2. Co-creation as Priority

There are now not only marketing campaigns in which the customer can be creatively involved, but also increasing content which is generated by users. Never before has the collaboration between customers and companies been as intense as it is today.

This cooperation, also known as "co-creation", is expected to increase over the next few years. For many brands it is not enough to react promptly to customer enquiries and develop products with an attractive, tightly designed user experience. They go one step further and involve the customer in the creative process.

Large companies such as Sony, Starbucks, Cisco and Unilever have long relied on co-creation. And in an article published in 2016 by INSEAD Knowledge (the knowledge portal of the renowned business school INSEAD), the author states that at DHL, IKEA and Fuji Xerox "co-creation workshops are standard part of the R&D process".

And there is a good reason why so many companies rely on working with their customers: It creates more customer satisfaction and a higher return on investment than other methods of product development. Co-creation also ensures higher product acceptance rates, lower innovation costs and lower price elasticity. In addition, it is possible to develop MVP (Minimum Viable Products) products in a shorter time, product versions equipped with core functions that satisfy those customers who use the products earlier than other consumers.

Procter & Gamble is a good example. After co-creation processes were implemented at Procter & Gamble, the proportion of products whose development was co-designed externally rose from 15 percent to 35 percent. And according to a study published in 2015 in the scientific journal Procedia: Social and Behavioral Sciences, the productivity of Procter & Gamble's R&D division increased by 60 percent. Their ‘innovation success rate’ rose by 100 percent, while research and development costs fell.

If such figures do not convince that co-creation should be given a chance, it is probably not convincing.

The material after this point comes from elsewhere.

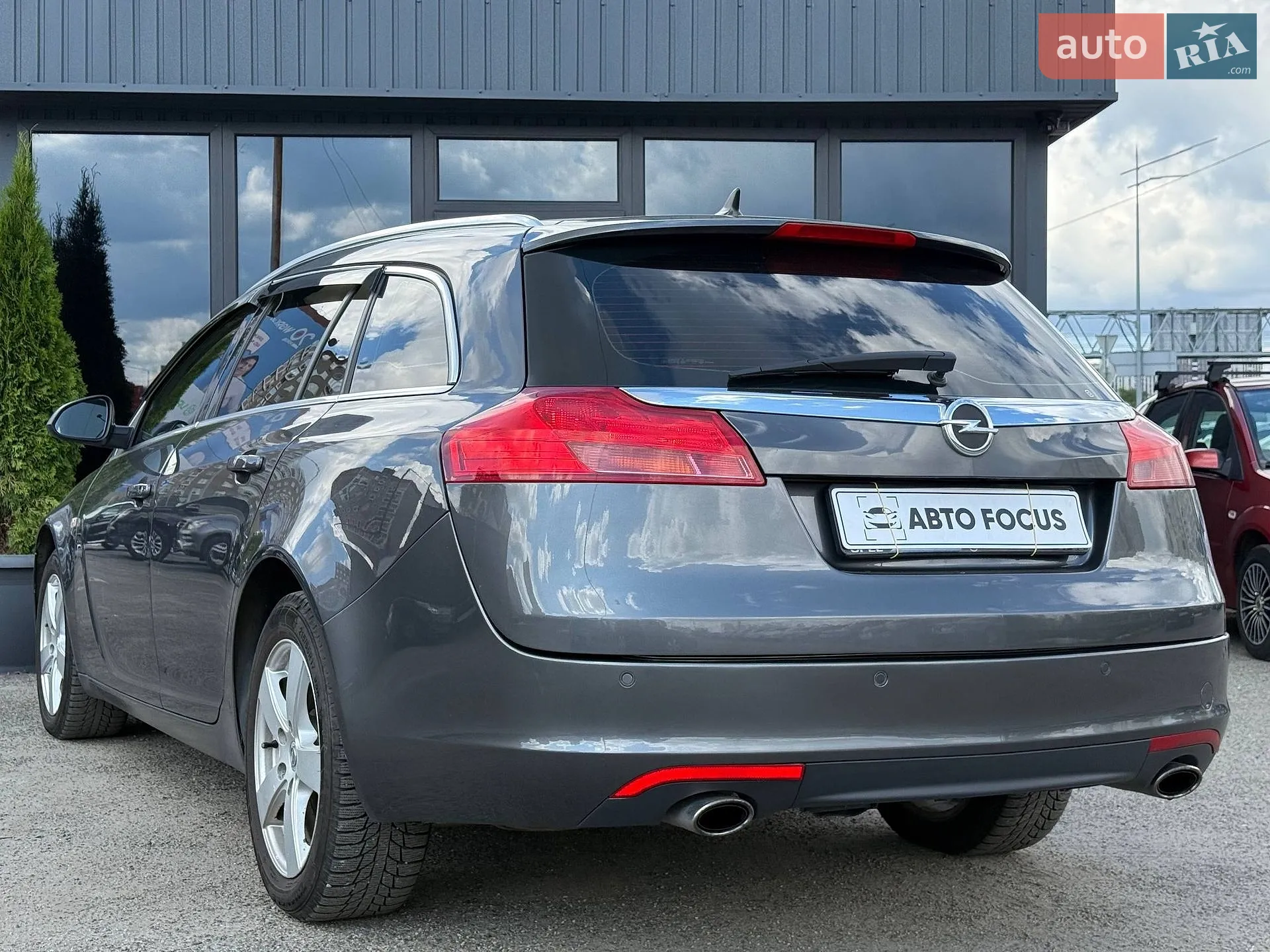 2010 Opel Insignia - мініатюра 8
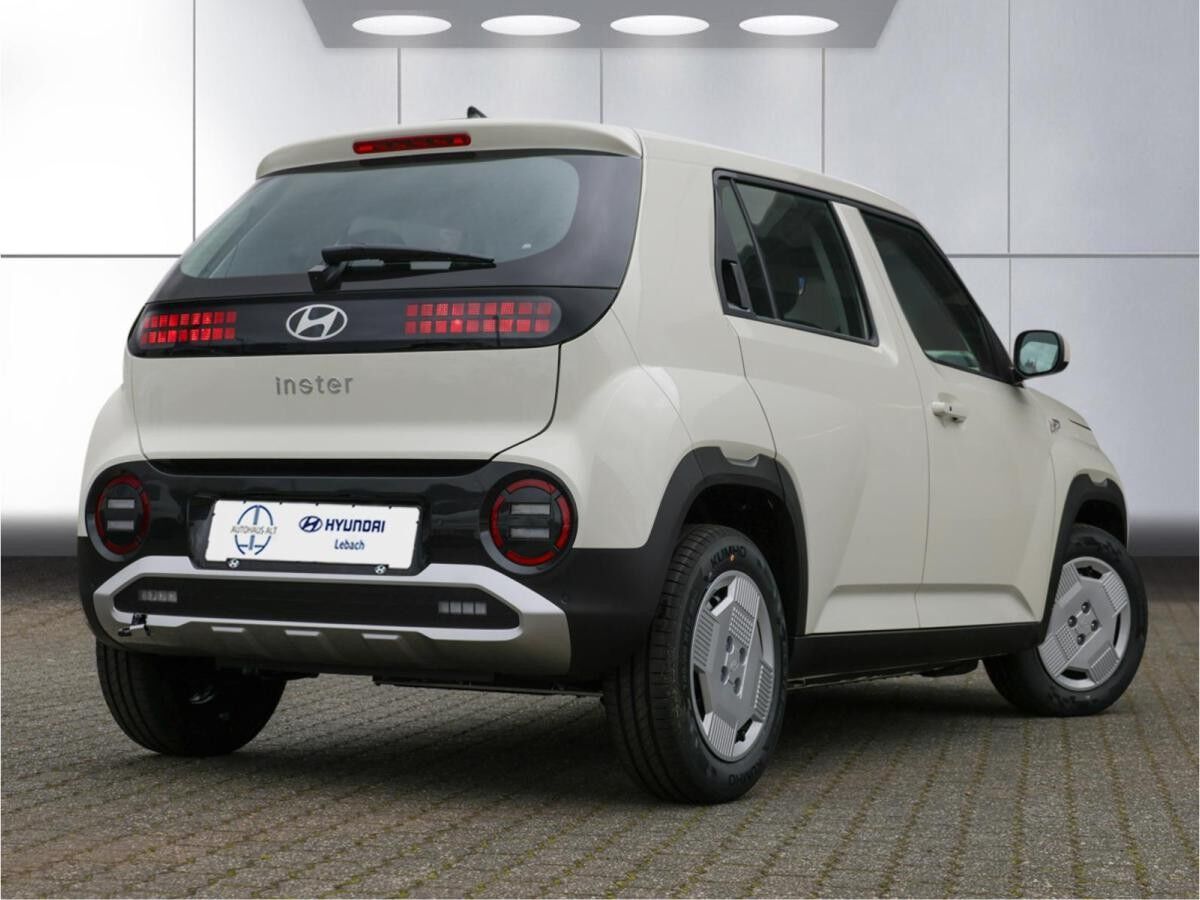 Hyundai INSTER 42 kWh Select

3. Determine Consumer Behavior in Detail

Everyone knows how important it is to spare customers frustrating user experiences. But that makes it all the more difficult to find out what kind of experience they actually expect.

This is why companies need to keep a close eye on new trends within their industries and, where possible, understand the behaviors and priorities underlying these trends. They should also be aware of the needs of those customers who are not always up to date - customers who prefer to communicate with companies in the traditional way.

For example, the fact that more and more customers want a self-service option does not mean that people should be replaced by automated processes. According to the 2017 study State of Customer Experience by business service provider Conduent, 24 percent of respondents explicitly use self-service options to ‘avoid personal contact’. 27 percent want digital support (although they say they tend towards ‘self-service solutions’). But the largest proportion of respondents, 49 percent, still want personal contact with people, either face-to- face or over the phone.

This shows how important it is to understand your customers' diverse interests and provide a service that binds them to your business.

Conduent's study is also instructive in another respect; digital channels are ‘the most popular communication channels for customers of technical providers’, but they generate a lower satisfaction rate than any other communication method. It may be that customers want to be able to communicate with companies online, but in many cases technology has not yet been able to keep pace with this demand.

So if you want to improve your customer experience as a whole, you can't limit yourself to offering an attractive service - you also have to make sure that this service doesn't create a user experience that works against the company.